We are nowhere near breaking up or anything, but I know that if things don't improve, give it another year or two and you never know what could happen.
Relationships take work. I know that. They need to be nurtured. However I feel like I do all the nurturing. Regardless... does anyone have any ideas?? Or how can I make him see that he needs to do something differently?
Proud mama to:
Avery Elizabeth (08/27/2011) & Dawsyn Brielle (10/29/2013)
Have you sat down and had a conversation with him about this? Explaining that you feel like you're the only one making an effort? Maybe he just needs it spelled out for him, so he understands what your needs & desires are.
My other suggestion would be going to counseling together.

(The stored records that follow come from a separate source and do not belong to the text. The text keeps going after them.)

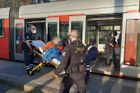 Řidič tramvaje vyzval cestujícího k nasazení roušky, ten na něj vytáhl nůž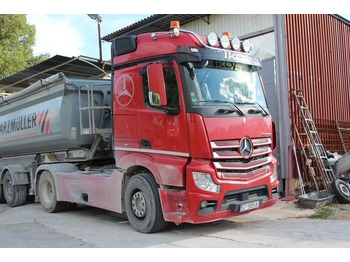 Tractor unit MERCEDES-BENZ Actros 1848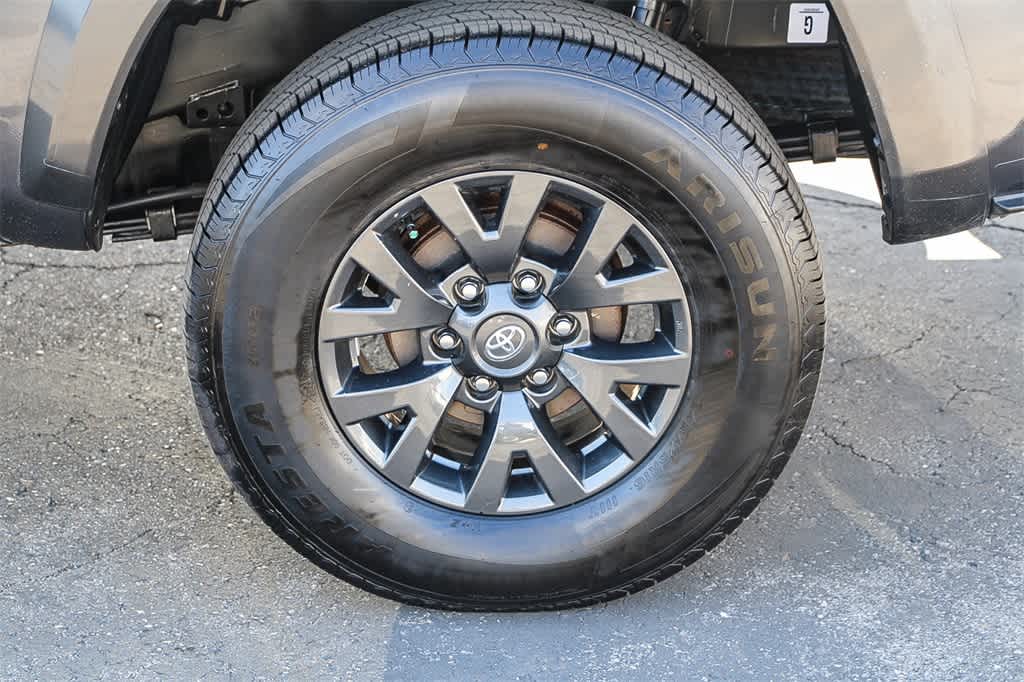 2021 Toyota Tacoma SR5 10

If you're already feeling like your relationship is struggling, it may be wise to seek counseling now so that in another 1-2 years, you're stronger and in a better place and your baby girl has two happy parents.
talking....communication is the key to a happy marriage...without communication there really is nothing....sit him down...talk to him....find someone to watch the baby once a week or every other week and have a date night....just the two of you to go out reconnect....
counseling is great like Amanda said...me and my dh went through it about 3-4 years ago and it really opened our eyes to a lot of things....its nice to have a third party to bounce things off of who has no connection to you....
Do you all spend any quality time alone? A date night may be what you need to reconnect without worrying about a little one who needs to be taken care of. Other than that, I ditto what the other girls said.
Wife to sweet husband Jeff and mother to 2 beautiful girls: Emily (2) and Jocelyn (1).